What kind of boys are they? Verse 12 of chapter 2 just comes to the bottom line. The sons of Eli were worthless men. They did not know the Lord.

They're not the last preacher or priest to serve a church who didn't know the Lord. There's a good place for me to add here that you need to pay close attention to whom you follow as your spiritual leader. Be very careful, very discerning who you listen to, who you watch on television. Pay close attention to what is said and what is not said. Look at what they write. Watch how they lead and live. Here were boys who were doing the work of the priesthood in a perfunctory, even cynical manner, taking advantage of the people, even according to verse 22, they lay with the women who served at the door of the tent of meeting.

How vile can you get? Eli is so out of touch, these boys are out of control, and he's going right on with his judging and preaching and leading. It can happen.

Now let me pause for a caveat here. Sometime a dad does what he ought to be doing and the kids just go bad, okay? Kids have a will of their own. Let me just set that straight lest you think I'm not aware of it. Sometimes it's rare, but sometime a father has done all that could have been done and the kids turn out wrong.

More often than not, however, the dad is too busy, too involved, and therefore out of touch. Verse 12 makes it real clear in chapter 2 that they were worthless. Now that's a pretty strong word.

We'd say in Texas, sorry. They're a sorry couple of guys. That's a Texas expression. God uses the word worthless. They have no plans to repent. They're too old now or they're too set. They're too stubborn to change. In fact, when their own father says something to them, they don't respect him. They turn against his reproof.

Verse 25 says they would not listen to the voice of their father. Eli in his half attempt to correct things a little late does not get the attention of his sons. And then there's a third boy. His name is Samuel. He's not Eli's son. He's Hannah's. Hannah and Elkanah have had this boy, and Hannah promised if the Lord would give her a child, when she weaned him, she would bring him to Eli and she would have Eli mentor him as he would grow up there in that tabernacle. You know, maybe Hannah did not know the setting.

Maybe a lot of people for a long time didn't know. It can happen. Erosion is like that. These boys are making decisions behind the scenes and their lives are turning in the wrong direction. Samuel reminds me of a beautiful rose that grows and blooms over a cesspool, a flower that blossoms near a swamp. It's a bad environment, but the guy turns out great. He's never contaminated by the lives of Hophni and Phinehas. It just occurs that maybe by now Eli realizes that the other boys are too far to help.

Maybe his one chance is with Samuel, and he pours himself into him. I don't know. What were the sins of the older sons? Well, no reason to linger here needlessly, but verse 17 of chapter 2 states, The sin of the young men was very great before the Lord, for the men despised the offering of the Lord.
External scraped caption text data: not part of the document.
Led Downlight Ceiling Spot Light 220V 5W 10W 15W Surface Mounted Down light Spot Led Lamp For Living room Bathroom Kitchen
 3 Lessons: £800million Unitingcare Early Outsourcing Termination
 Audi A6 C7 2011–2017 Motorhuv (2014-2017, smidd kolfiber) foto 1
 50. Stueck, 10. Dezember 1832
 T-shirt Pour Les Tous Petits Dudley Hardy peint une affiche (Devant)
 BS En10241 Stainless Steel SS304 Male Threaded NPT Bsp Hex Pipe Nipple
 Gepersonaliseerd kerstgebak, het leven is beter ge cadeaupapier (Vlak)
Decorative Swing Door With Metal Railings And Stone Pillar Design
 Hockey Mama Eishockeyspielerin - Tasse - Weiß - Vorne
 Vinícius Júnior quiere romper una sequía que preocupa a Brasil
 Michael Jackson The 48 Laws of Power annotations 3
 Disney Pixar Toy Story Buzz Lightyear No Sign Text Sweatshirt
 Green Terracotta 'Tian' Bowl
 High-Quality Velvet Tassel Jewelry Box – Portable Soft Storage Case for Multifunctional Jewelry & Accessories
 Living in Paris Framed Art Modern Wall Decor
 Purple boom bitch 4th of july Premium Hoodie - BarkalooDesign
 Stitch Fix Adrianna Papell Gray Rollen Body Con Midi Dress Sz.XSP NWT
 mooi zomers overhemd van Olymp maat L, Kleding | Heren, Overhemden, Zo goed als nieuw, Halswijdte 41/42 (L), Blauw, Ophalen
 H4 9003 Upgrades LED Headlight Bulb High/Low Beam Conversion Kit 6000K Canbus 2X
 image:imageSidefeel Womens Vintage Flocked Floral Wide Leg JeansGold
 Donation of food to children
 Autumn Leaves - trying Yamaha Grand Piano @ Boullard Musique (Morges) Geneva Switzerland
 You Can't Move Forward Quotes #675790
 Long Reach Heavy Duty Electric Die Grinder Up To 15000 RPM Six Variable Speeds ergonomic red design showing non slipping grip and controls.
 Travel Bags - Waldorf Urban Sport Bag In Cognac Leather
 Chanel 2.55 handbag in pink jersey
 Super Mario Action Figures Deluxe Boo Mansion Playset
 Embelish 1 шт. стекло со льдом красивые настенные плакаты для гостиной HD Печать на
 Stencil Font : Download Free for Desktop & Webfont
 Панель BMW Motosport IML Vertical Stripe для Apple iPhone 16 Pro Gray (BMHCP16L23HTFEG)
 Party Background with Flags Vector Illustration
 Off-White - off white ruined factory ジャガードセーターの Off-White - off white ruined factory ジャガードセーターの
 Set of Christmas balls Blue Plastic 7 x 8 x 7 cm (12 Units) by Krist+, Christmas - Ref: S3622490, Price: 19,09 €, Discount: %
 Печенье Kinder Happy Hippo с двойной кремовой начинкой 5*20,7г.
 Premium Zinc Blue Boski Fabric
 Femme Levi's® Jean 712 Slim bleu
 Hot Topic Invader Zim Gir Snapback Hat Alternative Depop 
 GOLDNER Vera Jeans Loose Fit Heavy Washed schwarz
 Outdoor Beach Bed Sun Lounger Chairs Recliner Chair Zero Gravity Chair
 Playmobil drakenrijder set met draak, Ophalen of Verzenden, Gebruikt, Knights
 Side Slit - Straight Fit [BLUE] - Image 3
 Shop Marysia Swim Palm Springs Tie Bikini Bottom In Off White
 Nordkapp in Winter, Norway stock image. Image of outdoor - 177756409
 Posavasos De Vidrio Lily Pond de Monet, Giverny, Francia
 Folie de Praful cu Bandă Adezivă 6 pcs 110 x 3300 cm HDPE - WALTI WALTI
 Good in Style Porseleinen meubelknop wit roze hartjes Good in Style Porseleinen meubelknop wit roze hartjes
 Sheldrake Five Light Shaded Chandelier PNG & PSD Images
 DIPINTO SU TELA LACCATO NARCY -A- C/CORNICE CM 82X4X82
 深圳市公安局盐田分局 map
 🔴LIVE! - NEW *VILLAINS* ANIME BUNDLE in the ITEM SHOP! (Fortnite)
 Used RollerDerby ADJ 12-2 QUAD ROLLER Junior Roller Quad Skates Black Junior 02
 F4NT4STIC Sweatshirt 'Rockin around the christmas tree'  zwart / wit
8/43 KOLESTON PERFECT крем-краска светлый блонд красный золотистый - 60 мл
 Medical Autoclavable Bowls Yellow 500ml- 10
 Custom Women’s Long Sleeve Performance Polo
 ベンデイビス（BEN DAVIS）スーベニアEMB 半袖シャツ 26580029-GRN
They're cynical. They would drive their flesh hook into the meat that was brought for sacrifice, and they were to take out only the part that stuck to the hook, and not them. Those boys took out whatever they wanted. They served themselves, and the people were insignificant. It was all about them. To make matters worse, they became lustful, taking advantage of the women who would come for worship, if you could believe it.

And before long, everybody knows about it. Verse 23, Eli, when talking to the boys, says, Why do you do such things, the evil things that I hear from all these people? People are not talking. You can't live like that and think it's going to stay quiet.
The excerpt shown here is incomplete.